● **Supplied data**
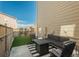 This backyard features a cozy seating area with a fire pit and artificial turf for easy maintenance at 2907 Distant Rock Ave, Castle Rock, CO 80109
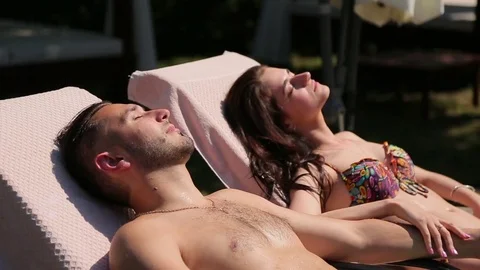 Couple resting near the pool Stock Footage 75392811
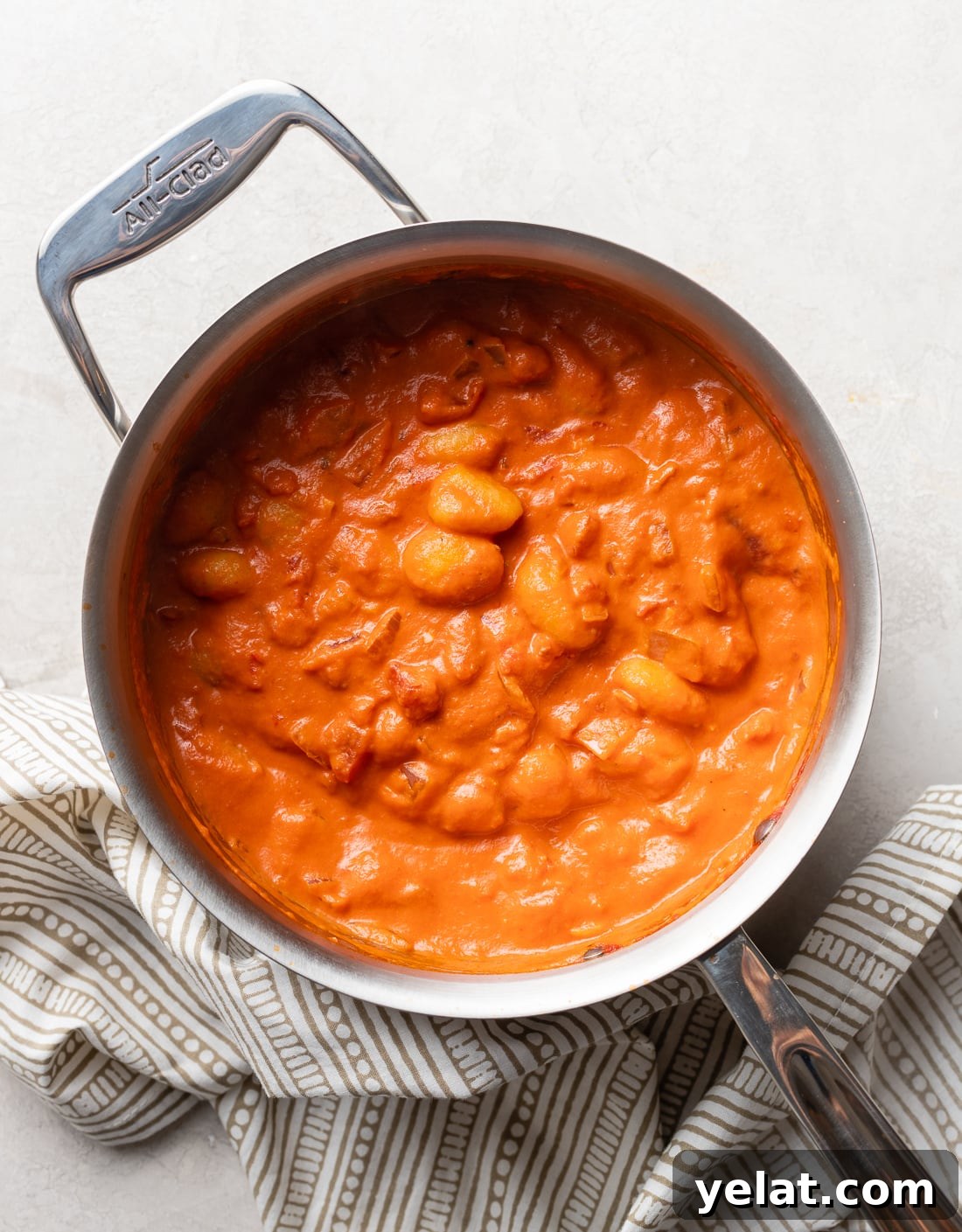 Creamy Gnocchi alla Vodka Recipe for Cozy Weeknight Dinners 3 Gnocchi cooking in a rich vodka sauce.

● **Directions**
Would you copy out the material above exactly, without the pictures in it?

● **Problem solution**
 This backyard features a cozy seating area with a fire pit and artificial turf for easy maintenance at 2907 Distant Rock Ave, Castle Rock, CO 80109
 Couple resting near the pool Stock Footage 75392811
 Creamy Gnocchi alla Vodka Recipe for Cozy Weeknight Dinners 3 Gnocchi cooking in a rich vodka sauce.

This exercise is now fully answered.